Adeptes du bio, non-utilisateurs de produits phytosanitaires, ils sont tous positifs au glyphosate avec des taux allant de 0,35 ng/ml à 2,39 ng/ml. Parmi eux, une petite fille de 4 ans, Jeanne, positive avec un taux de 1,74 ng/ml. L'Organisation mondiale de la santé préconise des taux minimums de 0,1 ng/ml.

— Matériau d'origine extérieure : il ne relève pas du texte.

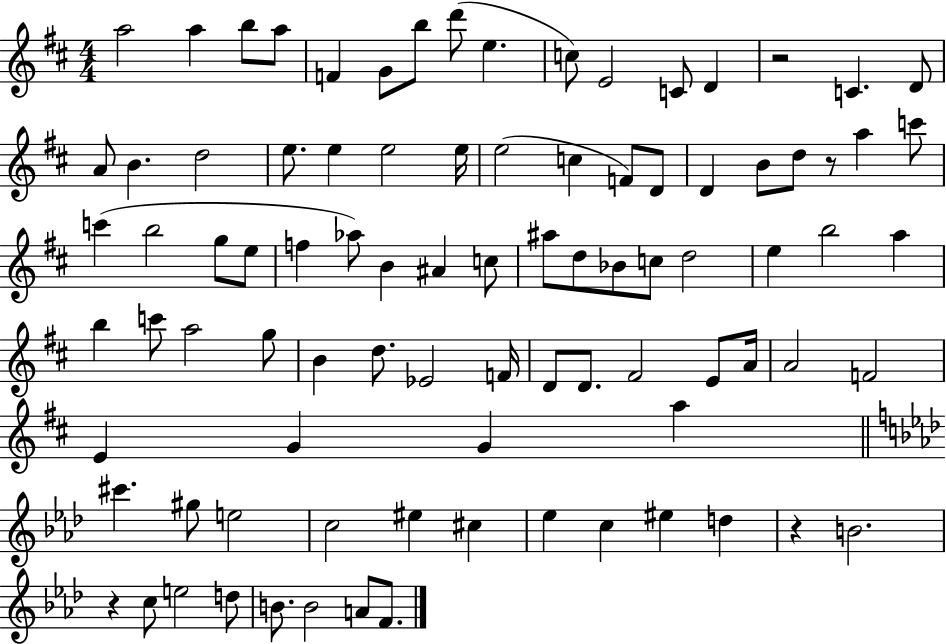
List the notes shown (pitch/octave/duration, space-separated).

A5/h A5/q B5/e A5/e F4/q G4/e B5/e D6/e E5/q. C5/e E4/h C4/e D4/q R/h C4/q. D4/e A4/e B4/q. D5/h E5/e. E5/q E5/h E5/s E5/h C5/q F4/e D4/e D4/q B4/e D5/e R/e A5/q C6/e C6/q B5/h G5/e E5/e F5/q Ab5/e B4/q A#4/q C5/e A#5/e D5/e Bb4/e C5/e D5/h E5/q B5/h A5/q B5/q C6/e A5/h G5/e B4/q D5/e. Eb4/h F4/s D4/e D4/e. F#4/h E4/e A4/s A4/h F4/h E4/q G4/q G4/q A5/q C#6/q. G#5/e E5/h C5/h EIS5/q C#5/q Eb5/q C5/q EIS5/q D5/q R/q B4/h. R/q C5/e E5/h D5/e B4/e. B4/h A4/e F4/e.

"Je mange bio, je n'utilise pas de produits", confie une agricultrice bio à Saint-Senier-de-Beuvron, surprise de son taux de 1,74 ng/l. Tellement surprise qu'elle a réalisé un second test qui lui a confirmé le premier avec un taux approchant de 1,68 ng/l. "J'ai fait analyser l'eau de mon puits et il n'y a que 0,08 ng/l de molécule de glyphosate." Les résultats qui tombent à travers toute la France chez les pisseurs involontaires sont difficiles à analyser. "Dans une même famille, un homme et une femme qui vivent sous le même toit et qui mangent la même chose ne vont pas du tout présenter les mêmes résultats. C'est incompréhensible".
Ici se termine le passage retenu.